(Pew Research Center/ By David Masci and Seth Motel) The U.S. Supreme Court today issued a landmark ruling granting same-sex couples a constitutional right to marry. The 5-4 decision in Obergefell v. Hodges, legalizes gay marriage throughout the country, meaning that the 14 states that currently do not allow gays and lesbians to wed will now need to do so.
The decision rests in part on the court’s interpretation of the 14th Amendment, stating that limiting marriage only to heterosexual couples violates the amendment’s guarantee of equal protection under the law. Writing for the majority, Justice Anthony Kennedy states that “no union is more profound than marriage, for it embodies the highest ideals of love, fidelity, devotion, sacrifice, and family.” Kennedy goes on to say that gay and lesbian couples “ask for equal dignity in the eyes of the law. The Constitution grants them that right.”

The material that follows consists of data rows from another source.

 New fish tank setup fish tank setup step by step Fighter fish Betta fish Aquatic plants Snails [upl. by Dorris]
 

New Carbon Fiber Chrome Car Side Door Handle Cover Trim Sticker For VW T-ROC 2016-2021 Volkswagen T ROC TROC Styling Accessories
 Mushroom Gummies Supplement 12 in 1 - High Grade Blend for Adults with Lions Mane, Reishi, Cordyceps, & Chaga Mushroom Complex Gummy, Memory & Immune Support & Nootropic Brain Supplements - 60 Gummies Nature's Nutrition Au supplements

Here are five key facts about same-sex marriage:
1. There has been a dramatic shift in recent years in Americans’ attitudes about gay marriage, with support for same-sex marriage rising from 37% in 2009 to 57% in May 2015, according to the most recent Pew Research Center polling. Among the groups most likely to favor same-sex marriage today are Millennials (73%), Democrats (65%) and people without any religious affiliation (85%).

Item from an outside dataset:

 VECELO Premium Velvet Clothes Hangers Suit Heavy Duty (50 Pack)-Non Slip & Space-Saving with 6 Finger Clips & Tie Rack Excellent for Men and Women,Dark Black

2. There are some notable differences in how groups feel about allowing gays and lesbians to marry. For example, a majority of whites (59%) and Hispanics (56%) favor same-sex marriage, compared with 41% of blacks. Religion continues to be a major factor in attitudes as well. Fully 85% of those who are religiously unaffiliated favor same-sex marriage, as do 62% of white mainline Protestants and 56% of Catholics. Among black Protestants, 33% favor same-sex marriage (57% oppose), and 27% of white evangelical Protestants favor it (70% oppose). Adults in the Silent generation (ages 70 to 87) are the only age group in which significantly more oppose (53%) than favor (39%) gay marriage. Americans who live in states where same-sex marriage has been legalized by the legislature or popular vote are the most likely to favor gays and lesbians marrying (68%); 59% of people in states where a court has legalized the practice favor same-sex marriage, compared with just 43% of those living somewhere where it is not legal. (To see more comparisons, explore our detailed tables here.)

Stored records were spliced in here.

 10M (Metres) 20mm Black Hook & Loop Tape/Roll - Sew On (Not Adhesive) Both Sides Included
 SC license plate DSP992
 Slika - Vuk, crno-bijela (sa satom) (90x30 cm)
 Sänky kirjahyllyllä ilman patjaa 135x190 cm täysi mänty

3. Prior to the U.S. Supreme Court ruling, same-sex marriage was legal in 36 states and the District of Columbia. In 19 of those states, including Florida, Pennsylvania and Utah, gay marriage became legal (starting at the beginning of 2014) after federal courts struck down laws or state constitutional amendments banning same-sex unions.
4. In the recent Pew Research survey, nearly three-quarters (72%) of Americans – including half of those who oppose gay marriage – said they saw eventual legal recognition of same-sex marriages as “inevitable.”
5. With the Supreme Court’s decision, the U.S. now joins 20 other countries that already allow gay and lesbian couples to wed in all of their jurisdictions. The first nation to legalize gay marriage was the Netherlands, which did so in 2000. Since then, several other European countries – including Spain, France, all of Scandinavia and, most recently, Ireland – have enacted laws sanctioning gay marriage. Outside of Europe, same-sex marriage is now legal in Argentina, Brazil, Canada, New Zealand, South Africa and Uruguay, as well as in parts of Mexico.